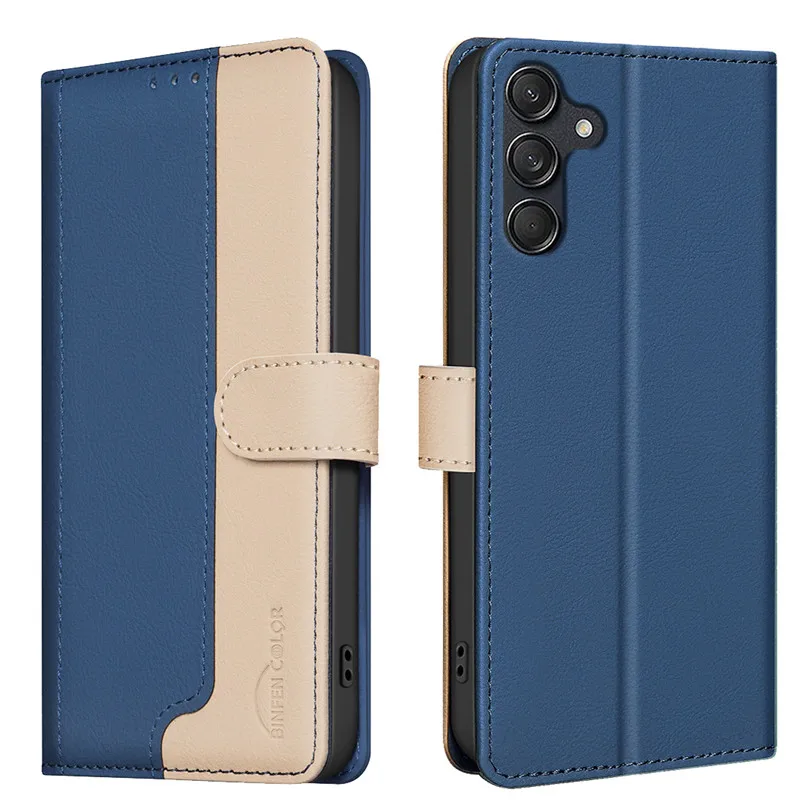 Leather Wallet Flip Case | Premium Protective Phone Cover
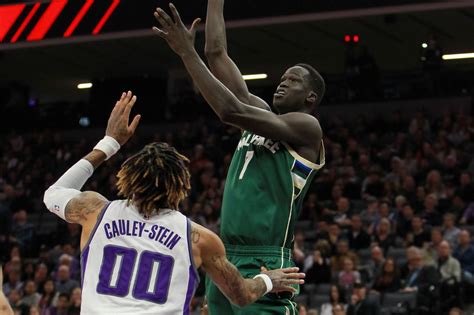 Bucks vs. Kings Game Thread - Brew Hoop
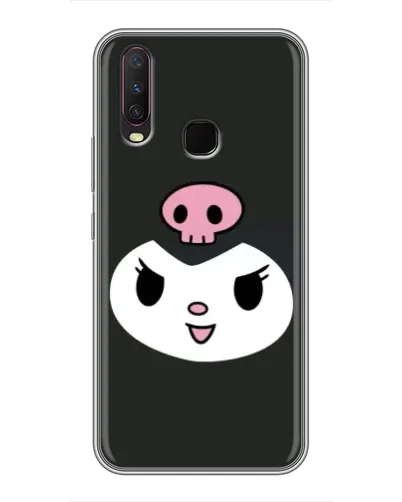 Чехол для Vivo Y17 с картинкой «Большая мордочка Куроми»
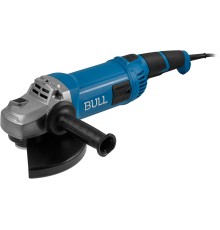 Двуручная углошлифмашина BULL WS 2303 в кор. 2200 Вт, 230 мм, 6600 об/мин, пылезащ., 4м кабель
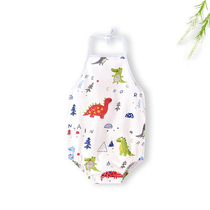 Baby bellyband summer thin baby cotton mesh belly care newborn baby with leg Triangle Shirt shirt Women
----------
> WHAT IS EXPECTED
The answer must consist solely of the lines from the line containing "Двуручная углошлифмашина BULL" to the end of the data, reproduced exactly, with every picture left out.

> TASK RESULT
 Двуручная углошлифмашина BULL WS 2303 в кор. 2200 Вт, 230 мм, 6600 об/мин, пылезащ., 4м кабель
 Baby bellyband summer thin baby cotton mesh belly care newborn baby with leg Triangle Shirt shirt Women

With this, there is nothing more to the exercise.